El evangelio ártico según Björk

La apuesta intimista de la artista deja frío al público de su único recital en España

La cantante Björk, durante su única actuación en España, en la Cidade da Cultura de Santiago. / ÓSCAR CORRAL

Su música parece nacer del aislamiento total. Como si al construirla únicamente la rodease el cielo del norte y de la tierra inhóspita que hay a pocos kilómetros del Círculo Polar Ártico. Las metáforas, y los tópicos, se agolpan cuando la islandesa Björk (Reikiavik, 1965) expone su música sinuosa y como arrancada de un cristal helado. Anoche en Santiago de Compostela —su única parada en España tras anular, por un problema de garganta, conciertos en Oporto y Barcelona—, sonó a criatura boreal y mostró que lo suyo hace ya muchos años que ha escapado de los convencionalismos.

Biophilia, su séptimo elepé, publicado el año pasado, centró el repertorio de Björk. Hace ya 10 años, tal vez desde aquel hermoso y hermético Vespertine, que sus canciones adelgazan, abandonan patrones rítmicos mecánicos y se abandonan a una suerte de melodía sin retornos, con escasos o muy ocultos estribillos, y donde la voz manda sin contestación. Un coro de 14 mujeres nórdicas, también empleadas a modo de cuerpo de danza, reforzó ayer esta suerte de gospel ártico en que ha convertido su sonido en vivo. Un batería centrado en los tambores electrónicos y un encargado de teclados, samplers y otros aparatos, pusieron la carne instrumental. Tres enormes pantallas proyectaron vídeos que convenían a la canción, en ocasiones abstractos, en ocasiones con extraños aires new age.

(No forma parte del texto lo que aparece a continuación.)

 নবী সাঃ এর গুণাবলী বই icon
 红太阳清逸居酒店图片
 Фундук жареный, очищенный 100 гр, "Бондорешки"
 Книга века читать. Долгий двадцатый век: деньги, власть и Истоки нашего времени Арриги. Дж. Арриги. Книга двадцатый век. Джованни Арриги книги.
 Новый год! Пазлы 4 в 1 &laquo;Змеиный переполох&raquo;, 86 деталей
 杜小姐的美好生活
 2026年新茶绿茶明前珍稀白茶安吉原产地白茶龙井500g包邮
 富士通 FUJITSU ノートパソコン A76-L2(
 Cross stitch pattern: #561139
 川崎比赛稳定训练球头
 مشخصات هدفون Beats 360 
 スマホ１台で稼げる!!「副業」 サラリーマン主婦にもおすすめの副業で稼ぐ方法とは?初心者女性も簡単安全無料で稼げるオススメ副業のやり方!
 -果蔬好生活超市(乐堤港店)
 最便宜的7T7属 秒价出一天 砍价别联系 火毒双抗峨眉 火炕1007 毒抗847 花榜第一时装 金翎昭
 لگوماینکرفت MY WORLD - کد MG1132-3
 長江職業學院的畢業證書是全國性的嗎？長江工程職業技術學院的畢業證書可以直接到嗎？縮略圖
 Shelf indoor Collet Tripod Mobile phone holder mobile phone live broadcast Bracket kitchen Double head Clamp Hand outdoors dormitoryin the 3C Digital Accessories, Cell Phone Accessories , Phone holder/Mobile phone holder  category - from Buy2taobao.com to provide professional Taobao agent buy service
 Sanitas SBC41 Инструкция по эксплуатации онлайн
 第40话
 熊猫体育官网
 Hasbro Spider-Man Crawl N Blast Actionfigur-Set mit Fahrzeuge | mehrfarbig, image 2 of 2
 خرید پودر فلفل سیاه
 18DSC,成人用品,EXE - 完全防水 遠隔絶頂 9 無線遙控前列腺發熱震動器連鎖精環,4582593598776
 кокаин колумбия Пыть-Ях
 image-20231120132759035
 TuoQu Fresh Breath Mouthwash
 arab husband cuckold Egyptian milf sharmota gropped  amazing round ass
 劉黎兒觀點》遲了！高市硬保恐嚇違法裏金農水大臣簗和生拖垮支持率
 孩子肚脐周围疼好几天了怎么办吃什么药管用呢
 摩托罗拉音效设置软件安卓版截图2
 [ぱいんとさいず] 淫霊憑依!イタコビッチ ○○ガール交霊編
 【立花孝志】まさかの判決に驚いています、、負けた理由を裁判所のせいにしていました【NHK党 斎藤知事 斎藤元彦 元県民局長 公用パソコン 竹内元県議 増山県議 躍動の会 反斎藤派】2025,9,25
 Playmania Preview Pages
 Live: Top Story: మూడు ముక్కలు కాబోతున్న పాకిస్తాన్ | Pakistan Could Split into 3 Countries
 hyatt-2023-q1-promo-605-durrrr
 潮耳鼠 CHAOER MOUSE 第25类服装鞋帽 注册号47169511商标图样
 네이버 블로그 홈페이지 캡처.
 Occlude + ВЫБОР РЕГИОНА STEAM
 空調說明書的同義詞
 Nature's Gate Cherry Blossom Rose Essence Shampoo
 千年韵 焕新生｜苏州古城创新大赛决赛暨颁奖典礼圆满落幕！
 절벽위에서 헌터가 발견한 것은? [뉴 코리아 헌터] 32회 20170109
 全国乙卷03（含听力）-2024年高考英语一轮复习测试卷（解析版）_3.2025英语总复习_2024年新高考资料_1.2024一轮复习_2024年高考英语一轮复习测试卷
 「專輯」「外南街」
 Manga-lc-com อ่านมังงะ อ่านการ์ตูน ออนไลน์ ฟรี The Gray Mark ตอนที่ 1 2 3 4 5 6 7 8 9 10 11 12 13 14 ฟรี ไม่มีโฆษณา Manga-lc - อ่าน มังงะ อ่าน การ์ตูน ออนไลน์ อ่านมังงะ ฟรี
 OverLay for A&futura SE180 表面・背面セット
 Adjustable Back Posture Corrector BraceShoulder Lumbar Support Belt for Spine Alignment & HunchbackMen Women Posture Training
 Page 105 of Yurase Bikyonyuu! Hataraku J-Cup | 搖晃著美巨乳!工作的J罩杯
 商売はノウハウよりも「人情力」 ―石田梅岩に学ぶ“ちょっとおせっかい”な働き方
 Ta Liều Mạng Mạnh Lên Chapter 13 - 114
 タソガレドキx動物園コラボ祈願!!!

Entre el público, repartido en la inhóspita y faraónica Cidade da Cultura, cinco mil personas no cumplieron las expectativas de aforo de la organización. La Xunta de Galicia había puesto a la venta 7.000 entradas, a 40 euros, en uno de esos actos que la Administración ha programado para intentar colocar el macrocomplejo ideado por Manuel Fraga en el circuito cultural europeo. Pero la trama no lineal de su música o la eliminación del acento dance de sus primeros discos seguramente pedían un auditorio a cubierto y con asientos.

Björk, que una vez funcionó de musa de cierta posmodernidad aún procediendo de familia obrera con militancia sindical, se reservó el material que la hizo viajar más allá de su isla-país de 300.000 habitantes para el tramo final. One day o Declare Independence, de cuando la cantante cruzaba beats de baile con su voz a punto de romperse, acabaron por caer ya cerca de la medianoche. Pero reconfigurados, y pese a los intentos de algún espectador habitual de Debut (1993), resultó difícil soltar los pies.

A Biophilia lo encarnan campanillas tintineando, cuentas de vidrio sonando unas contra las otras, un cruce de gamelán —instrumento de la tradición balinesa— y celeste. Para el directo, Pagan poetry todavía arranca ovación nada más sonar los primeros compases, pero Hollow, Virus o Thunderbolt se quedan con el asombro de los oyentes y un aplauso extrañado y generoso al final. El lugar estético que ha conquistado Björk, pese que los últimos episodios de su discografía no han cosechado el entusiasmo de la crítica indie que antes cosechaba con su mera presencia, se encuentra más cercano al de solitarios como Kate Bush o Robert Wyatt —quien le hizo coros en Medulla (2004), la más radical de sus investigaciones vocales—, que a la prensa de tendencias donde ella era habitual.

Sus canciones se mueven ahora con tracción orgánica —ella misma ha explicado que los latidos del corazón tocan a la misma velocidad que los temas de Biophilia— y la electrónica solo irrumpe rota y sucia. Con Náttúra lo hizo a la vez que los fuegos artificiales que los promotores se habían encargado de anunciar los días antes y justo antes del bis. Se despidió, en una de las frías noches más breves del año, con los dos cortes más populares de los interpretados en Santiago, One Day y Declare independece.